Most individuals and families just want the right amount of support to lead their good life. They do not want more than they need. More than what you need gets in the way, it becomes a bad thing. However, the social care system is predicated on the notion that resources need to be rationed. Eligibility criteria stop individuals and families receiving timely access to resources that would prevent their circumstances escalating. They absorb these pressures until they reach crisis. At which point, having met the eligibility criteria, they invariably receive a reactive, “what’s available”, response from an overstretched system. This typically results in increased cost to the state but even greater costs in terms of the welfare of the individuals and families involved. This cycle drives the notion that the system cannot afford to support people earlier because of the needs of those presenting in crisis, and on it goes. This way of working perpetuates a view that we cannot afford to do better.

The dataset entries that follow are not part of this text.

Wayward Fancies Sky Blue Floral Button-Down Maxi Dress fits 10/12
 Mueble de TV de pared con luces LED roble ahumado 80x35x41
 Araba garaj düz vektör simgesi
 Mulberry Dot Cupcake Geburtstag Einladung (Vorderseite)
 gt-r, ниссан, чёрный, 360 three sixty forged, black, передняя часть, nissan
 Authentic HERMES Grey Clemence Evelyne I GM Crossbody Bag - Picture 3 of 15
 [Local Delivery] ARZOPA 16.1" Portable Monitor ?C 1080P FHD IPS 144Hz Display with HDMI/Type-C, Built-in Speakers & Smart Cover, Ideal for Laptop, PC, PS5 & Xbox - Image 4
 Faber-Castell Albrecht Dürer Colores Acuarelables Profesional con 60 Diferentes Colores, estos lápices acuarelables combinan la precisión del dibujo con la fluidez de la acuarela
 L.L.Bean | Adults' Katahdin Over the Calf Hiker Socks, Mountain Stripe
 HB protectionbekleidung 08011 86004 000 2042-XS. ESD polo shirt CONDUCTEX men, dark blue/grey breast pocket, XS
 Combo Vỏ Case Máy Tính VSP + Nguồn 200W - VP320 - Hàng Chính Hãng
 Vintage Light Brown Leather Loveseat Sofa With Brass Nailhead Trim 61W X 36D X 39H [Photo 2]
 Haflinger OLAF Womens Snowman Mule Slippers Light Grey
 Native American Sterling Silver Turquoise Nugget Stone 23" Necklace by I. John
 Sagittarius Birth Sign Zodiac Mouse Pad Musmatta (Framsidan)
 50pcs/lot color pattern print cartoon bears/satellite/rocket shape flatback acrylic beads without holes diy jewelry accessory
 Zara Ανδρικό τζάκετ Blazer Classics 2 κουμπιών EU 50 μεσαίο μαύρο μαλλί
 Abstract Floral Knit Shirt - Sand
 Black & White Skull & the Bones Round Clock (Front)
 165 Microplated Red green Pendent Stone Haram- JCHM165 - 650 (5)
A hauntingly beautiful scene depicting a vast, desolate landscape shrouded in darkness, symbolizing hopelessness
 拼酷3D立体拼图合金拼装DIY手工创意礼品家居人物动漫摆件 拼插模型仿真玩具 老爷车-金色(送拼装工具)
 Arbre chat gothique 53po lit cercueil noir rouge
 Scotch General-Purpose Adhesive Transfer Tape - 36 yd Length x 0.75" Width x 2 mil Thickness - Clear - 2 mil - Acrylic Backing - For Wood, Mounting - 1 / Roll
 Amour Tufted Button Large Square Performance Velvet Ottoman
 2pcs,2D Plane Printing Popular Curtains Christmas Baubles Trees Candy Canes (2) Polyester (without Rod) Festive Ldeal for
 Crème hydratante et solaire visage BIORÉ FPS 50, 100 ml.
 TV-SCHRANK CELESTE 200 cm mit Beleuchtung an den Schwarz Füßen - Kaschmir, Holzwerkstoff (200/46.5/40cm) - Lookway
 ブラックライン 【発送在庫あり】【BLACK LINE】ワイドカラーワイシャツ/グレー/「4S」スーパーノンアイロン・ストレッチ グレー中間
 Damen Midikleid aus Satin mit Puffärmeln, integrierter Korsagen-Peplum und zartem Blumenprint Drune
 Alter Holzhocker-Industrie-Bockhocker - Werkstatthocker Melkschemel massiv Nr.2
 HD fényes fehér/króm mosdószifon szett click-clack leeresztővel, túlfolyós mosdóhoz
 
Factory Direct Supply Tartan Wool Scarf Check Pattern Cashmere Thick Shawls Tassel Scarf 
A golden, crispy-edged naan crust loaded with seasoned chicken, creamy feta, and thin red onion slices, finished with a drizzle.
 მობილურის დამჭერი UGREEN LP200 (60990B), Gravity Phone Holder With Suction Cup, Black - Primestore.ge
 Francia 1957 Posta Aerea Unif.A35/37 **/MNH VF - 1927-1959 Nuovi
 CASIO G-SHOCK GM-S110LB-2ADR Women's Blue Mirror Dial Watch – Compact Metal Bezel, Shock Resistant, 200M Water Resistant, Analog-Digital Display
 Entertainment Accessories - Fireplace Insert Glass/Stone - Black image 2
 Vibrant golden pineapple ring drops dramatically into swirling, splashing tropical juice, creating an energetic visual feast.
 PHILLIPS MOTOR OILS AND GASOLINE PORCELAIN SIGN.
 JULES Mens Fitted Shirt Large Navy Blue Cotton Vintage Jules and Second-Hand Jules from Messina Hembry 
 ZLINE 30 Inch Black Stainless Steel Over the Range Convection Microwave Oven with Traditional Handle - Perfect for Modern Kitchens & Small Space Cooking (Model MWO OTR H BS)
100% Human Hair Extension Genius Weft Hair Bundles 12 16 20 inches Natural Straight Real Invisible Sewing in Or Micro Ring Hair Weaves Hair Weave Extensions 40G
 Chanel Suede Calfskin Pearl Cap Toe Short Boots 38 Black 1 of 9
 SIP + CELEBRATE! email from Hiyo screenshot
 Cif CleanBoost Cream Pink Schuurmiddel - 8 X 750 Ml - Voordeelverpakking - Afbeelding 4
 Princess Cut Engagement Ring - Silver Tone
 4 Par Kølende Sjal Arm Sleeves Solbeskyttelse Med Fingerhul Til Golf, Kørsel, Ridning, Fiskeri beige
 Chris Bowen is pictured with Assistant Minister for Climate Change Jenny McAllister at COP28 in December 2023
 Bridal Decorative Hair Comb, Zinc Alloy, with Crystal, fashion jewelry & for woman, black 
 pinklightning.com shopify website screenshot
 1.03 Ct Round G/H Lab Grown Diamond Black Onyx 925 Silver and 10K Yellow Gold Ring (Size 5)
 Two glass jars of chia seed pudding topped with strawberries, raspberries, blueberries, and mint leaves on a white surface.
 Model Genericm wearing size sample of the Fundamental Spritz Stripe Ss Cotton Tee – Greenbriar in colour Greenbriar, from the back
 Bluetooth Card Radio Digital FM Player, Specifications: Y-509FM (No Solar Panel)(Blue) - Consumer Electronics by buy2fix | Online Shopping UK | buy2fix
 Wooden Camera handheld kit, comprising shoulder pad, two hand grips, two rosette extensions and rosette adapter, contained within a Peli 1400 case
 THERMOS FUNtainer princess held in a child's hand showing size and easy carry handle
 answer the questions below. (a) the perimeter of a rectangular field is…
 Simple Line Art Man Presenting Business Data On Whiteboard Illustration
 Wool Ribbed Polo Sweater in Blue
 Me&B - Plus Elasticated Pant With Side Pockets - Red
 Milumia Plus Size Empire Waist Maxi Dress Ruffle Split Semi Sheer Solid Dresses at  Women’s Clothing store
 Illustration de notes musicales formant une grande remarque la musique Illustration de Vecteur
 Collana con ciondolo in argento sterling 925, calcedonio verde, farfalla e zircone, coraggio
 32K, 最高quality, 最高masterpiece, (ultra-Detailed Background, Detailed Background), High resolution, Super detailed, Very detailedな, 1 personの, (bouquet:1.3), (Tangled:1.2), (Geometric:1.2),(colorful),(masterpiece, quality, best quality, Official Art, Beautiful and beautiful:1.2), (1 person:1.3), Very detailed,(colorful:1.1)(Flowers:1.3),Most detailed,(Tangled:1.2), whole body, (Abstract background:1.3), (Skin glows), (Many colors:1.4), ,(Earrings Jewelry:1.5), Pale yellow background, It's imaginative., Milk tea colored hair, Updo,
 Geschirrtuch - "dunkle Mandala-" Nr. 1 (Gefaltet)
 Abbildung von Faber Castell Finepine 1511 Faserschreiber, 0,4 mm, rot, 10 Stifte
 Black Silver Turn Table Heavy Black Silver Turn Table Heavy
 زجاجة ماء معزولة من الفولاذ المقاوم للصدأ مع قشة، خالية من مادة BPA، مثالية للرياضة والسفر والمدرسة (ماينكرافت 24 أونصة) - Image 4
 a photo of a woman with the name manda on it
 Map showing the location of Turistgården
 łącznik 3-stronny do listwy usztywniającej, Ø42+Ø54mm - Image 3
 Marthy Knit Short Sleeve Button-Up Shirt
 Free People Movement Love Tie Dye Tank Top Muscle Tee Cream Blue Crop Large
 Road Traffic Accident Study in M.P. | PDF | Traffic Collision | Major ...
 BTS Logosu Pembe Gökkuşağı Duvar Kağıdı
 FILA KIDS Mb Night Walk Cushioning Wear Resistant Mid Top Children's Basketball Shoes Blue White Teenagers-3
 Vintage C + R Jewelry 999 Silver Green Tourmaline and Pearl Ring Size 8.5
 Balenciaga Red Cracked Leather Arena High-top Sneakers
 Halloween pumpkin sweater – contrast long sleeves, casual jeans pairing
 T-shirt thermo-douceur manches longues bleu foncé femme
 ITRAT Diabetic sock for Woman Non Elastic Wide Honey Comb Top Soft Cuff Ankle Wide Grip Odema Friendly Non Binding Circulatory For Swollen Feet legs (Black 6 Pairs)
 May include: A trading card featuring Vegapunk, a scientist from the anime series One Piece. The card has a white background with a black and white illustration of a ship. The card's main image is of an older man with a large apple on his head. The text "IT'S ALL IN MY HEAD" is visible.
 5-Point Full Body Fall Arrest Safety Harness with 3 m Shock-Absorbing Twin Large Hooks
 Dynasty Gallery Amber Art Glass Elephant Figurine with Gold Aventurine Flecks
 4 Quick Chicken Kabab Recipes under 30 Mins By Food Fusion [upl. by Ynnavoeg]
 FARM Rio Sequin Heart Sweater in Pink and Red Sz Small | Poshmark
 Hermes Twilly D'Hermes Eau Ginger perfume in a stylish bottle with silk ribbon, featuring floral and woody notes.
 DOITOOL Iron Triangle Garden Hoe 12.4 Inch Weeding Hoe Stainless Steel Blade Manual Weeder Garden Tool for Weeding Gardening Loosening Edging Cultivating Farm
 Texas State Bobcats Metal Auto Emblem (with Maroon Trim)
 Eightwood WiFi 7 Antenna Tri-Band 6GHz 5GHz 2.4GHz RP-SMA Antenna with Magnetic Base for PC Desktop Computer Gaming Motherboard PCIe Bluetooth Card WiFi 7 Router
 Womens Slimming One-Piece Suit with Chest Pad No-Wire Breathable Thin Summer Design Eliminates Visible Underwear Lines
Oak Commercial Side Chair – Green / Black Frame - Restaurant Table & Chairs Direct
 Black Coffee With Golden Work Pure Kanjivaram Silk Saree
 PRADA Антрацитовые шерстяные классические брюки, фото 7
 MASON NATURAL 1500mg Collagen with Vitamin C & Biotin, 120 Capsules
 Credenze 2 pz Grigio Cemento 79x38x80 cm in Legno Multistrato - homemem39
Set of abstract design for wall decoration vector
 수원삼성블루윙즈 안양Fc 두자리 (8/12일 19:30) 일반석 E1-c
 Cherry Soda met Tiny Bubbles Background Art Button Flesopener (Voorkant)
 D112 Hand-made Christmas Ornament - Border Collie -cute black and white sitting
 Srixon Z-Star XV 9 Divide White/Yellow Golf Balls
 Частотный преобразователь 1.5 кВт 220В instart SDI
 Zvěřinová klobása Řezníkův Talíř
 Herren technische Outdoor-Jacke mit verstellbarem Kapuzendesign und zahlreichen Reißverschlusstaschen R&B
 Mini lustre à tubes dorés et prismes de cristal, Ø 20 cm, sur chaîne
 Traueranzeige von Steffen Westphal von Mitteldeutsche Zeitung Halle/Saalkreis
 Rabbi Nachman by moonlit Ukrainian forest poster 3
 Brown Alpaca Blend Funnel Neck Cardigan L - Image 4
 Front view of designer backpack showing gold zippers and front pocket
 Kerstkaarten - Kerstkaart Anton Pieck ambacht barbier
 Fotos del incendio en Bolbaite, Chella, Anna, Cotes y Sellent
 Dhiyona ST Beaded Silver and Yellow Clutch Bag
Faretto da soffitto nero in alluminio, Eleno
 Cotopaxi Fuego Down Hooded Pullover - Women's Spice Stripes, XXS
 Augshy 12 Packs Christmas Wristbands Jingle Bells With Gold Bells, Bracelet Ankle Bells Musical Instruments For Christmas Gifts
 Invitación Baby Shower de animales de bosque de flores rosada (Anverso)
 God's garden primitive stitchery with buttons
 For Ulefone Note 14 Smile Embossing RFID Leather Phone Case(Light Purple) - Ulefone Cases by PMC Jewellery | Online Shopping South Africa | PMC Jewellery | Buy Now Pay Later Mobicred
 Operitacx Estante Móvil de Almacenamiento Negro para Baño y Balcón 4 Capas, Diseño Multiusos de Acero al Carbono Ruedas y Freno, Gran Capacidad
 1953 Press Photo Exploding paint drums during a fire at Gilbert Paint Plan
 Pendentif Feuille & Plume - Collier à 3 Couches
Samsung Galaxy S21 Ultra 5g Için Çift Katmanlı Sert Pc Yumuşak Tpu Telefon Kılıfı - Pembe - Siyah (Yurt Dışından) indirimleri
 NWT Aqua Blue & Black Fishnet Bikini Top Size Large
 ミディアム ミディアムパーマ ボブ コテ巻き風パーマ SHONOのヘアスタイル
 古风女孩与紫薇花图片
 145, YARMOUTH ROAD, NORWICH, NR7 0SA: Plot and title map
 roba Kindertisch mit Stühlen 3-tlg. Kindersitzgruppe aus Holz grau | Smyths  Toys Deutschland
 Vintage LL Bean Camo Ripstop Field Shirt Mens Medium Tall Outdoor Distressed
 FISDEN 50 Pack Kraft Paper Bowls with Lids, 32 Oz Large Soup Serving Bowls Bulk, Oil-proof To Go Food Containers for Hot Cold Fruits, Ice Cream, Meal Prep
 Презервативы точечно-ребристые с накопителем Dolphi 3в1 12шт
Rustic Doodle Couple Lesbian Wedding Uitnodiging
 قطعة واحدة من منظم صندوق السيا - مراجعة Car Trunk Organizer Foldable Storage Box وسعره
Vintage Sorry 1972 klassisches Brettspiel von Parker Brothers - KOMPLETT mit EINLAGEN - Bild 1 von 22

A more productive perspective might be to consider how and where money has the biggest impact. When budgets are tight, the imperative must be to spend it wisely. That we deliver it, as directly as possible, into the hands of those for whom it would make the greatest difference.
Peter was 8 when we met him, along with his mum Kay and dad Andrew. We had been asked to work with the family as their Social Worker had run out of options to help them. Peter doesn’t use words to communicate and is intellectually disabled [1] and physically disabled. He also has complex health needs that could be life threatening. He attended school but other supports such as respite or after school clubs had resulted in serious health risks, so had stopped.
Kay and Andrew both worked and supported their son full time. They were at crisis point. They had been allocated a small budget but were unsure how to spend it.
With support they came up with 3 things that would make a real difference to their lives.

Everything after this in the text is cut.